However, not all shares pay dividends – even if they have done in the past.
Shares that don’t pay dividends
Take Tesla for example. The company has been having a tough time in the past few months. But it still made billions of dollars of profits last year.
So if someone put £5k into Tesla stock today, how much second income might they earn?
The answer, for now at least, is likely zero. Maybe if the Tesla share price moves up they could sell the shares at a profit and make some money – though it could also go down. But in terms of dividends, Tesla has not yet paid one.
Why, given that it is highly profitable? A company can choose how to use its spare money – and in Tesla’s case (as with many growth companies) it prefers to use spare money to fund growing the business, for example through new ventures, than paying a dividend.
That may change in future, but I do not expect Tesla to pay a dividend any time soon.
High-yield dividends can also signal high risk
Ought the investor seeking a second income therefore to look at shares that already pay a dividend? If it is a large one relative to the share price, that could be lucrative (this is what is known as a high-yield share).
Take Diversified Energy for example.

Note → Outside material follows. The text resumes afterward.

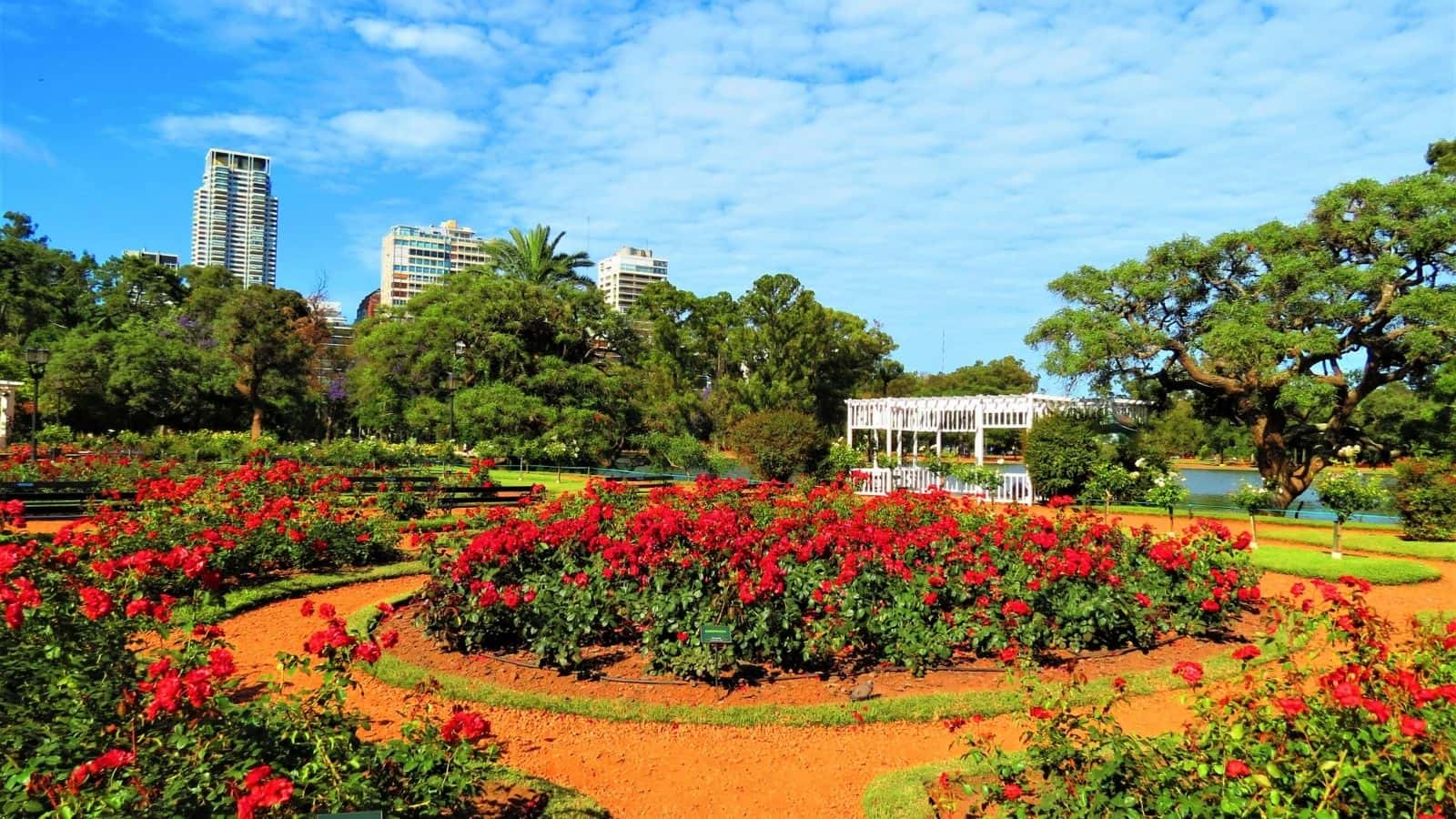 Palermo's Rose Garden, Buenos Aires, Argentina.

Its 8.4% yield would equate to an annual £420 second income for a £5k investment (though in practice, an investor always ought to keep their portfolio diversified).
With its large estate of gas wells, the company might keep pumping out cash as well as energy. But it might not. It has cut the payout per share before. I see a risk that the firm’s debt load combined with volatile energy prices could mean another dividend cut in future.
Looking for the source
Instead of focusing on today’s yield, when I weigh adding a share to my portfolio, I do what I just described with Diversified. I consider what I think the source of its future dividends is likely to be and weigh the risks alongside the opportunity.
For example, Guinness brewer Diageo (LSE: DGE) offers a far lower yield than Diversified Energy, of 3.9%. That is still above the FTSE 100 average though. Five grand earning a 3.9% yield ought to generate an annual second income of around £195.
Diageo has raised its dividend annually for decades. But as I said above, that does not guarantee what happens in future. Demand has been weakening in Latin America and I see a risk that lower alcohol consumption among younger generations could mean revenues and profits falling in future.
Still, Diageo has a large target market of customers. Its portfolio of premium brands, unique production facilities an global distribution network are all competitive advantages. It is hugely profitable and, hopefully, if it remains that way, will keep paying out dividends.
So while I own neither Tesla nor Diversified Energy shares, I do have a stake in Diageo, boosting my second income.